This is a follow-up to my popular and technically challenging HTML injection into someone else's website? question.
To recap: I'd like to demo my technology to customers without actually modifying their live website (e.g. demoing the idea of Stackoverflow financial bounties, without modifying the live site). Essentially, I'm trying to create a server-side version of Greasemonkey.
I've implemented the mirror as follows:
- A request comes into
http://myserver.com/forward?uri=[remote]
- My server opens a connect to
[remote]
, pulls down the data and returns its body/headers to the request from #1.
I chose this syntax because I needed to handle requests from multiple domains (meaning, if stackoverflow.com
links to meta.stackoverflow.com
I need to handle both domains from the same forwarding server).
I have managed to rewrite links in the HTML and CSS files so they are relative to my server. The final hurdle is rewriting URLs referenced by Javascript files.
What is the best way to programmatically rewrite URLs referenced by someone else's Javascript code? Is this even technically doable?
Discussion
I'll give you an example of the technical hurdle I am facing. Take http://www.honda.com/ for example. They embed a Flash element on the page, but instead of embedding <object>
directly, they use Javascript to document.write()
the <object>
tag containing the URL.
First attempt
- Use https://stackoverflow.com/a/14570614/14731 to listen for DOM change events. Instead of trying to rewrite URLs in the Javascript code, wait for it to modify the DOM and rewrite the URLs on the fly.

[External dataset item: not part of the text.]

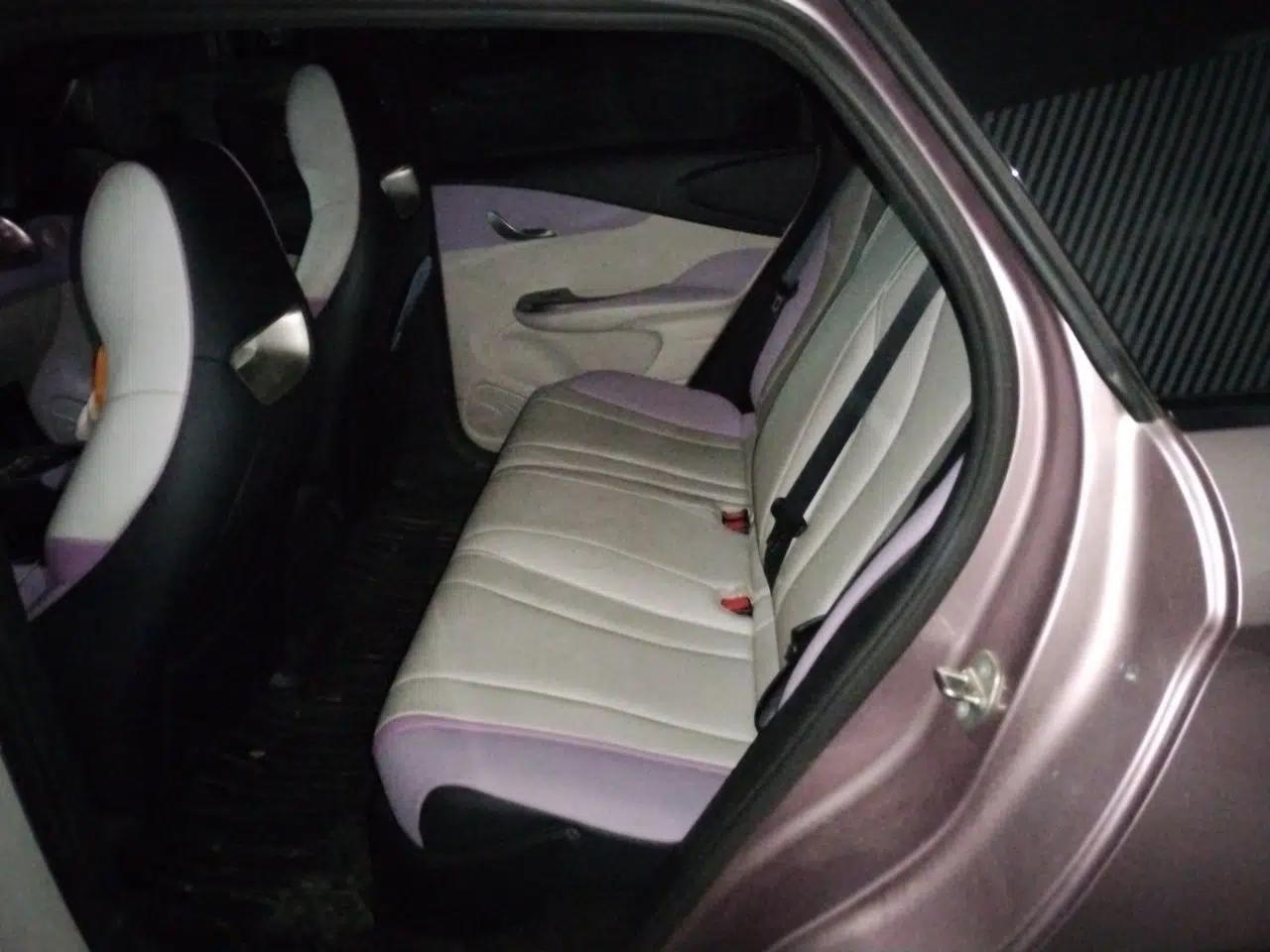 BYD Dolphin 2021 405 km Fashion Edition — миниатюра 17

- Intercept all XmlHttpRequest requests using https://stackoverflow.com/a/629782/14731
Ideally we want intercept DOM changes before they render, so the browser does not request URLs before we have a chance to rewrite them.
Related resources:
Second attempt
A server-side solution will not work. Even if I can rewrite all DOM URLs, I've seen an example where an embedded Flash application references URLs stored in Javascript variables. There is no programmatic way to detect that these variables represent URLs because the Flash application is opaque.
Next, I plan on trying a client-side solution. I will load the original website in one frame, and manipulate its contents using Javascript in a second (hidden) frame. I hope to be able to inject new DOM elements (to demo my product) without having to rewrite the existing elements.